In 2015, when I was starting my Master’s I remember being fascinated by the introduction to Recurrent Neural Networks (RNNs) and Long-short Term Memories (LSTM) that I read in Chris Olah’s blog. Not only the writing and details were so clear written by Chris but the potential of these networks got my attention. I decided to research further on how that could be applied to my research in NLP algorithms for Speech Synthesis at that moment. Naturally, I read Ilya Sutskever paper on Sequence to Sequence Learning with Neural Networks that, at that moment, achieved amazing results in language translation. After I read the paper I realized that the Seq-to-Seq architecture could be applied in many different applications due to its flexibility in modeling.

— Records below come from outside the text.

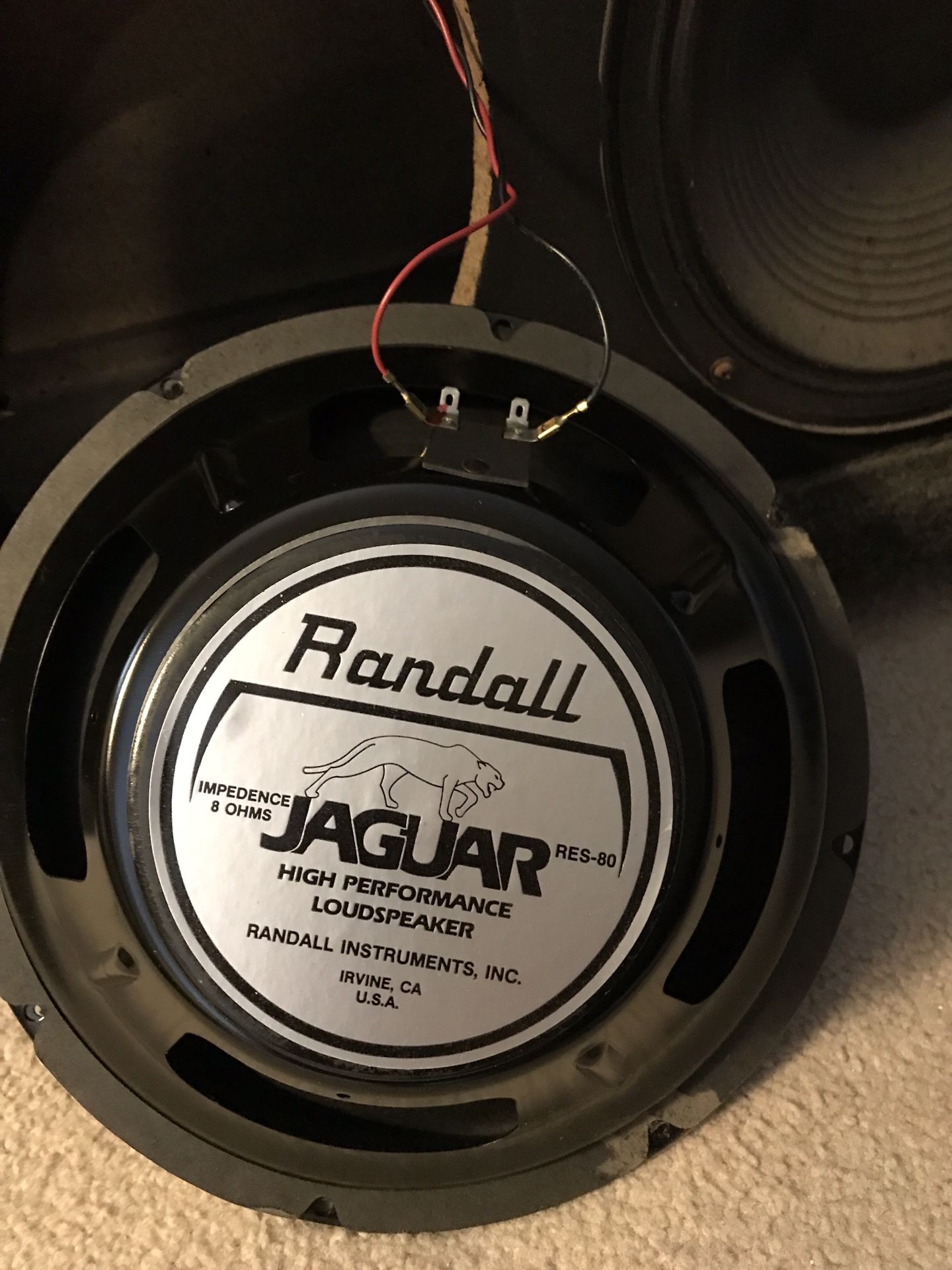 Randall hotsell jaguar speakers
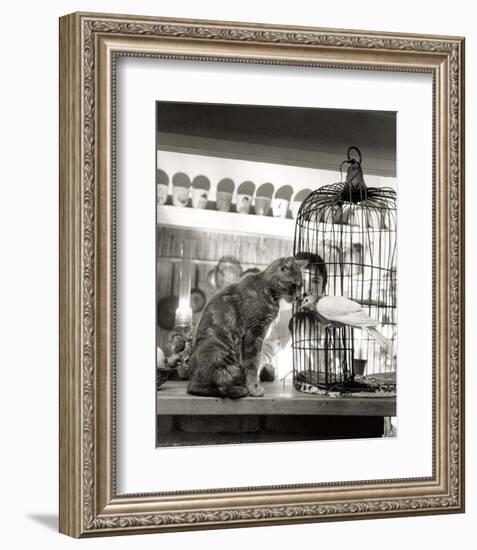 Child, Cat and Dove-Robert Doisneau-Framed Art Print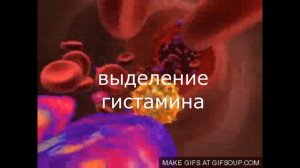 аллергия на пыльцу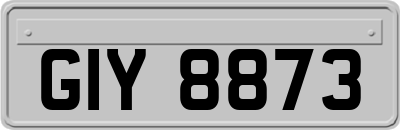 GIY8873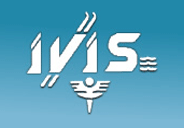 Ivis logo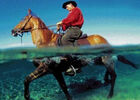 Ferme Equestre du Grand-Etang
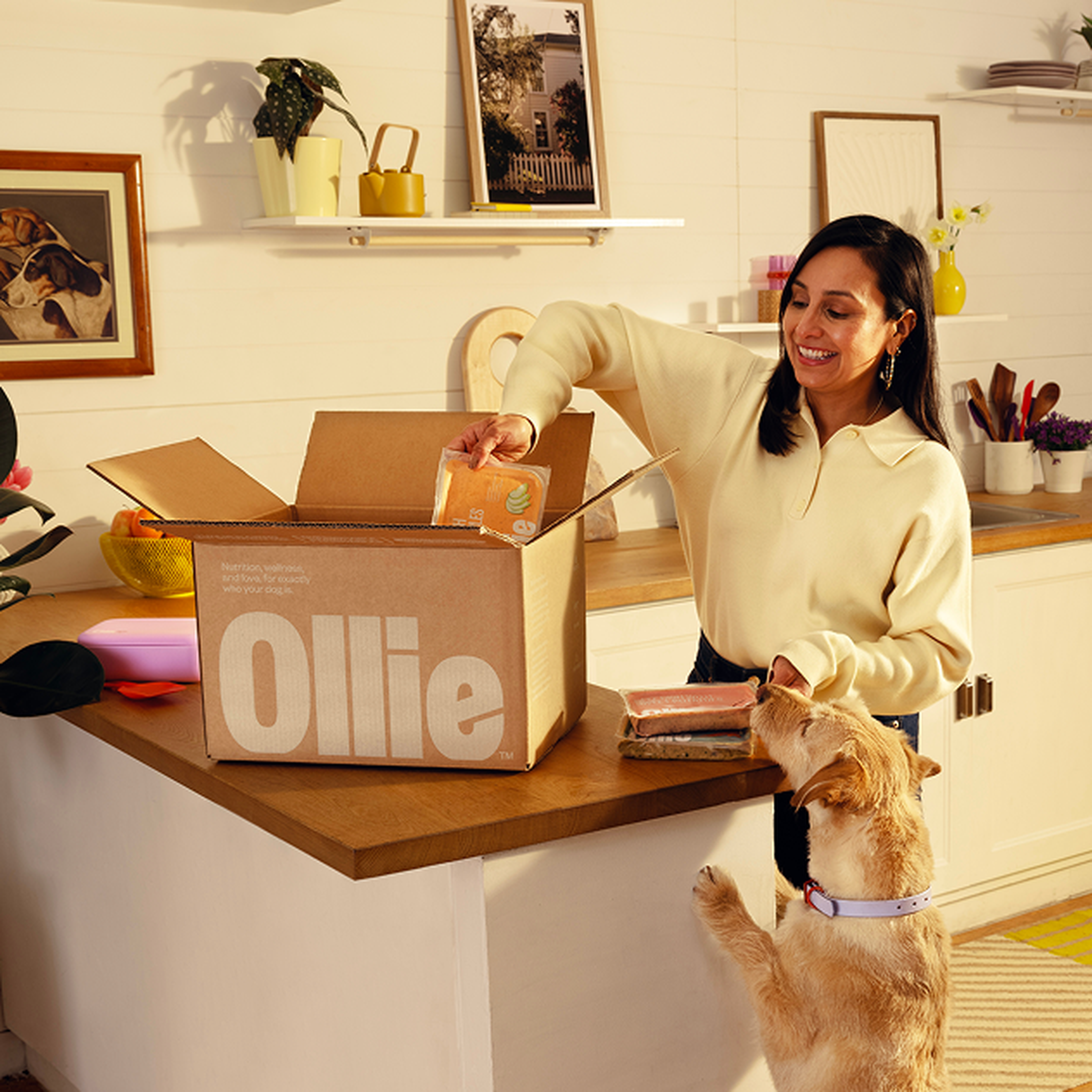 A woman unpacks a box labeled "Ollie" in a kitchen while a dog eagerly watches from the counter.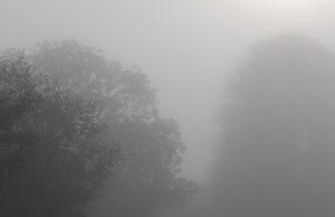 Ferienwohnung im Grünen - Hof Blohme - Foto 38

For my research in Speech Synthesis, most of the algorithms I used for the NLP part in Brazilian Portuguese (BP) were rule-based approaches. So, I decided to research and evaluate how these Seq-to-Seq models and data-driven approaches would compare to the problems I tackled in a Text-to-Speech system. So, at that time, I proposed as a novel application, the use of Sequence-to-Sequence models as solution for the Grapheme-to-Phoneme (G2P) conversion, Syllabification and Stress Determination problems in TTS systems. Parallel to that, Daan van Esch was also doing an amazing work on the same area that you can check here. And, as a joint result, we both have shown that data-driven algorithms can achieve state-of-the-art performance for the NLP algorithms presented in the Text Analysis block of a TTS system.

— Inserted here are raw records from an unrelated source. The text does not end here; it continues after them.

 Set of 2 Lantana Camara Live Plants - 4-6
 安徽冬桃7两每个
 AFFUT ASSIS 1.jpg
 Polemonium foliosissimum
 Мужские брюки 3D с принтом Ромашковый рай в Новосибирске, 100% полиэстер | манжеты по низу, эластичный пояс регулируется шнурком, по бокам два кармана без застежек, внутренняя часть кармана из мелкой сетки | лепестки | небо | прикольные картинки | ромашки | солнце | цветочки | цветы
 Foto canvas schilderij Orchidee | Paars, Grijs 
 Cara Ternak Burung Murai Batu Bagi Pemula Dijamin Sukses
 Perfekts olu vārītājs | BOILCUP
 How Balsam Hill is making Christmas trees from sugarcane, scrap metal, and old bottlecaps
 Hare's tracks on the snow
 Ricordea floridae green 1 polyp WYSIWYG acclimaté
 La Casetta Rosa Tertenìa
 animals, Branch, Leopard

So, after this quick introduction, let’s get into the basic models that are really simple. The input is read one character at a time until its end to form the fixed-dimensional vector. The output RNN is used to decode the phoneme sequence from this vector. This model is showed in the next figure for the conversion of the word “casa” (house). Next, each block is a LSTM model. In the figure just one layer is presented, but the architecture also works with 2 or more layers as a deep LSTM. During the model implementation, the input word is reversed to introduce more short term dependencies. Thus, the word “casa” would be inserted in the model as “asac”. The target sequence keeps the same order.
Next, we proposed at that time tackling the Syllabification task using Sequence-toSequence Models. So, the model for this task can be interpreted as a mapping sequence problem. To do this we will keep using the word as the input, inserted one character at a time. Remind that the word is inserted in reverse order. The modifications are related to the mapping on the output side of the model. The output chosen is the word with the syllable boundaries in the right position. The syllable boundaries are represented by an extra character. In our case, we chose the character “-”, but any character outside the alphabet symbols for the target language can be used. The model used for training can be seen in the next figure.

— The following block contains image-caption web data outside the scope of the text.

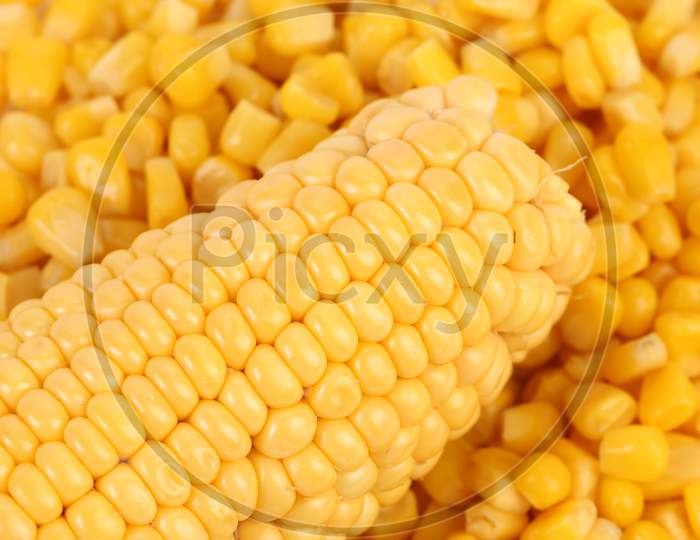 Tasty Yellow Ear Of Corn. Whole Background.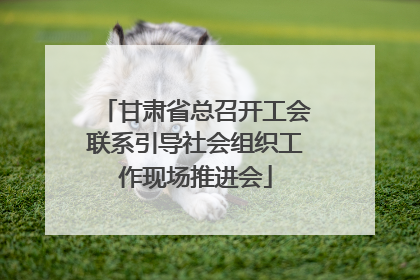 甘肃省总召开工会联系引导社会组织工作现场推进会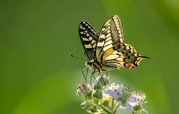 Mark Watson - Swallowtail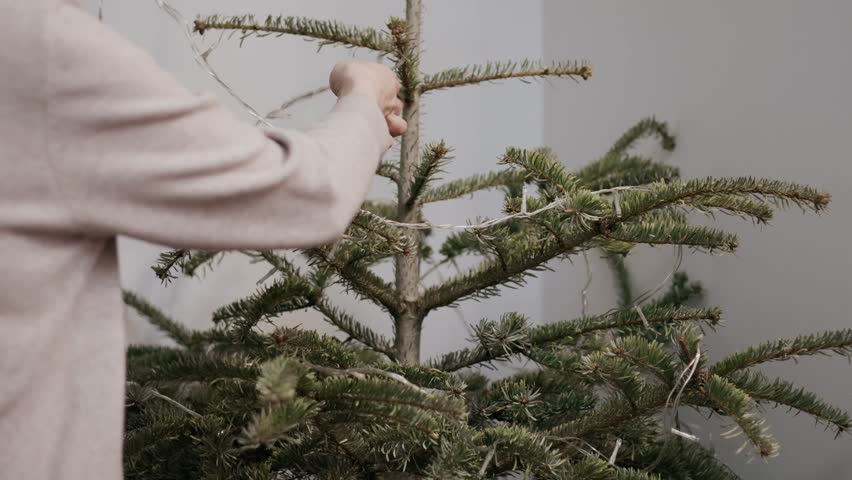 A person removing white decorative lights from a dry evergreen tree indoors during the day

The same idea of turning the structured classification problem into a mapping sequence problem used for Syllabification is also used for Stress Determination. The idea now is to identify the existence of stress markers between graphemes. To do this we will keep using the unmodified word as input. One more time, the modifications are made in the decoding side of the model. The output chosen is the word with the stress markers in their right position. The stress marker is represented by the character “’”. As in the Syllabification task presented, the problem can be seen as predicting the next character generated, where the prediction of the character “’” indicates the presence of stress. The model used for training can be seen in the next figure.
The lack of open source standardized datasets for BP was a problem at that time. So, in order to perform the experiments three datasets for Brazilian Portuguese were created. One for G2P conversion, one for Syllabification and one for Stress Determination. First of all, to develop the datasets, a list of all the words contained in the Ispell Dictionary was created. In this list, some foreign language material and words that contained simple orthographic errors were discarded. The final version of the list then contained 33737 words. This is also the length of the datasets created. A histogram that shows the length of the lexicon words is presented next.
We report results for the rule-based and data-driven approaches for G2P conversion in the next figure. The first conclusion that can be taken from the table is the ability of the data-driven approaches to yield similar or outperform the G2P rule-based algorithm. The three data-driven algorithms chosen were able to present better Phoneme Error Rate than the rule-based algorithm, with the Sequence-toSequence Models achieving the best rate overall with PER equal to 0.52 ± 0.05%. These results can also be seen in Figure 5.2. For the Word Error Rate, the rule-based algorithm showed better results than two data-driven algorithms, but was outperformed by Sequence-to-Sequence Models that presented WER equal to 2.28±0.13%.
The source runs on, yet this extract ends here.